The Curator: a neo-gothic, the uncanny, and lots of speculation
everything I read in March, including my favorite Substacks of the month
At the start of the year, I described my desire to chase minor interests into oblivion. With these March reads, I’ve carried the torch for witchy/uncanny stories, Nordic writers, crime, and speculative fiction with a dystopian bent. I challenged myself to finish a novel I started years ago (Witching) and two that have been on my TBR for an embarrassingly long time (River and Greenwood). Three were on my 25 in 2025 list that my outie shared but my innie never did here (rude?)1. A very solid month!
White is for Witching by Helen Oyeyemi
Witching is about the Silver family who lives in an old generational home turned bed & breakfast, haunted by something unseen. Miranda suffers from pica, an eating disorder where she eats non-food items such as spatulas and chalk. Her twin brother Eliot struggles in general when Miranda’s illness spikes after the death of their mother. The house thrives through it all, reaching to claim Miranda as it has three generations of Silver women before her. When Miranda brings a college friend home, things really ratchet up as Miranda shrinks into a literal and figurative ghost.
Easy to see the solution when you’re not in the story, isn’t it.
I appreciated the racial and class tensions happening in this neo-gothic. The gothic genre’s origins are heavily Eurocentric, often focused on wealthy (or once wealthy) families like in Rebecca or We Have Always Lived in the Castle. The Silver family, white-skinned English, is struggling to stay afloat and somehow completely blind to the unseen spirits that surround them. It is the outsiders who instantly see through this hellish portal - the Nigerian maid and the Nigerian college best friend, one who practices voodoo to stave off spirits, the other who simply runs and never looks back.

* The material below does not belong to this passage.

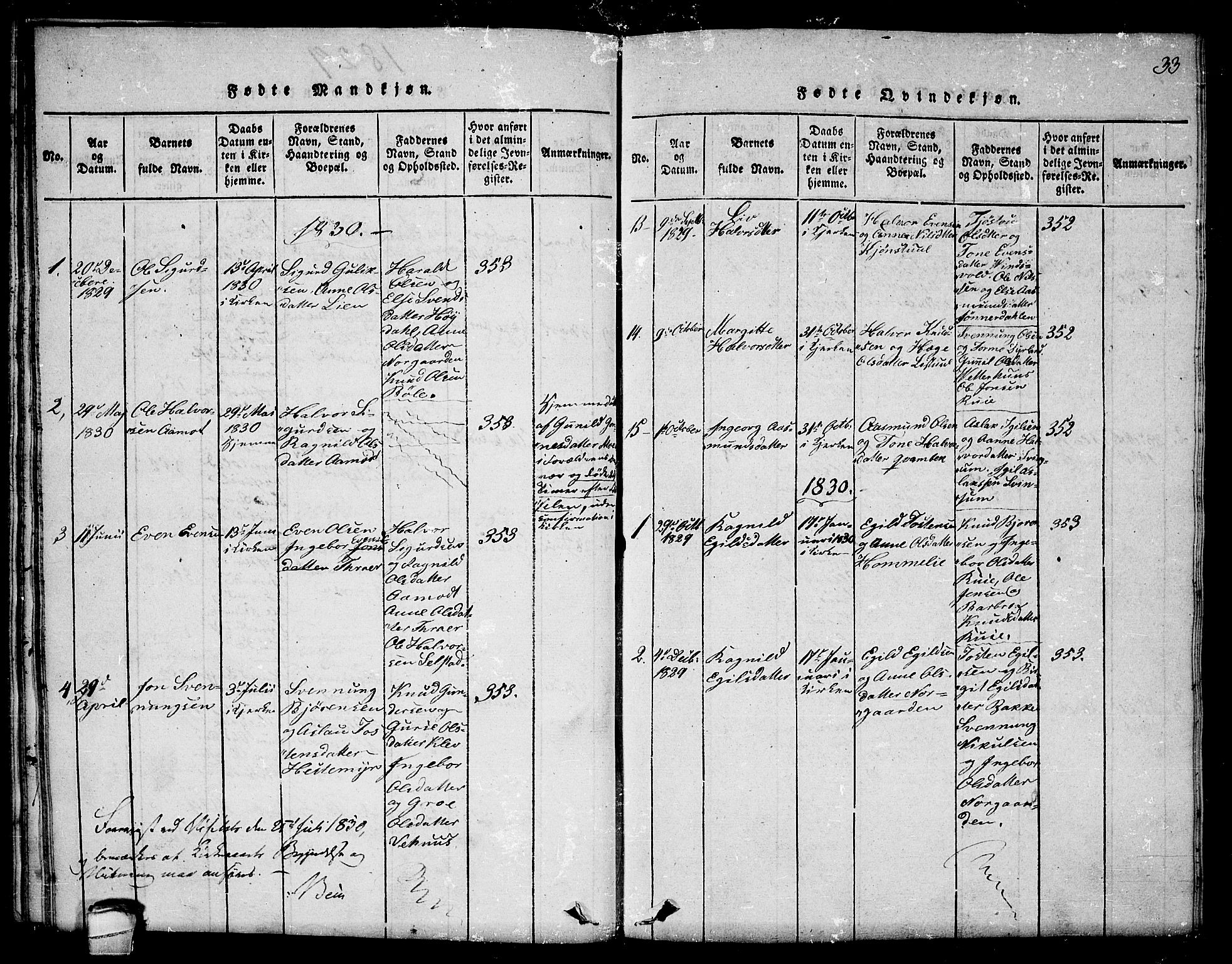 Seljord kirkebøker, AV/SAKO-A-20/F/Fc/L0001: Parish register (official) no. III 1, 1815-1831, p. 33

It all sounds spooky as hell, right? My major issue with the text is that it wasn’t actually that spooky; more uncomfortable and disturbing. I attribute this to the dry prose, strange similes, and a slightly - boring? - narrator. The best parts were the house interludes and descriptions of Miranda withering away. I liked it but would have appreciated more emotional connection or even more paranormal activity. Oyeyemi is a prolific writer, and even though this wasn’t a massive hit, there is potential here. I see very little love for her in the book world, and that makes me sad. Go read an Oyeyemi novel and report back ok!
The vibes👻: unsettling neo-gothic that explores mental illness in a very creepy way
Long Bright River by Liz Moore
Liz Moore can do. no. wrong.
As I proclaimed last week, this book had me in an absolute chokehold death grip. It is about two sisters growing up in the rough parts of Philly; Mickey becomes a cop, while Kacey falls into drugs and sex work. Both women are troubled by their pasts because that is how these things go. It is quietly sad, melancholy, but hopeful. The story highlights how the opioid crisis affects us all, not just those who directly fall into its trap. It’s about relationships as much as it’s about crime.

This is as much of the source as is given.